> _Directions_
Write exactly, with no line omitted or added, the span beginning at the line that holds "Photo of property" and ending at the last line of the records.

> _Given records_

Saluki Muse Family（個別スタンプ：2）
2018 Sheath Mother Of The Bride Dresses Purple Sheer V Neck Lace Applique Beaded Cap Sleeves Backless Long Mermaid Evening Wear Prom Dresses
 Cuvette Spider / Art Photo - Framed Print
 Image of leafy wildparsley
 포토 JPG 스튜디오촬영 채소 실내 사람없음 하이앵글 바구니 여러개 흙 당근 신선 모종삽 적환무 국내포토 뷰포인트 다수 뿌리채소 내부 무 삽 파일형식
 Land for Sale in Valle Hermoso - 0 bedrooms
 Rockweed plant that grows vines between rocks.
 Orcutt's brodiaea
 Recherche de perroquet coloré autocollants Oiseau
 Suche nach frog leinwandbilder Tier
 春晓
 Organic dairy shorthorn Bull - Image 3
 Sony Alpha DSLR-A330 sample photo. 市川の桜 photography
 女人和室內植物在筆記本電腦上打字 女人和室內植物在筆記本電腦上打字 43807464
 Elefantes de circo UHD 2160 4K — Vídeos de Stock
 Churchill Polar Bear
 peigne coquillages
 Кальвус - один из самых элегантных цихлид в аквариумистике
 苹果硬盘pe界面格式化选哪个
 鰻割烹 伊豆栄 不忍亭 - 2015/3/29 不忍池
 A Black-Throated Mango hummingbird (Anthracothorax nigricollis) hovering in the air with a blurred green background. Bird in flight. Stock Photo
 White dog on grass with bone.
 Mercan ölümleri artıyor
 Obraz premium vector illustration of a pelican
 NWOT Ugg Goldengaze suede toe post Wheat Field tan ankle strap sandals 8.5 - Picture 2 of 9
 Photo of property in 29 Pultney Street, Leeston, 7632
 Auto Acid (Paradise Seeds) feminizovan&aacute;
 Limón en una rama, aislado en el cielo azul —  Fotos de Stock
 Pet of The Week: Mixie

> _Task response_
 Photo of property in 29 Pultney Street, Leeston, 7632
 Auto Acid (Paradise Seeds) feminizovan&aacute;
 Limón en una rama, aislado en el cielo azul —  Fotos de Stock
 Pet of The Week: Mixie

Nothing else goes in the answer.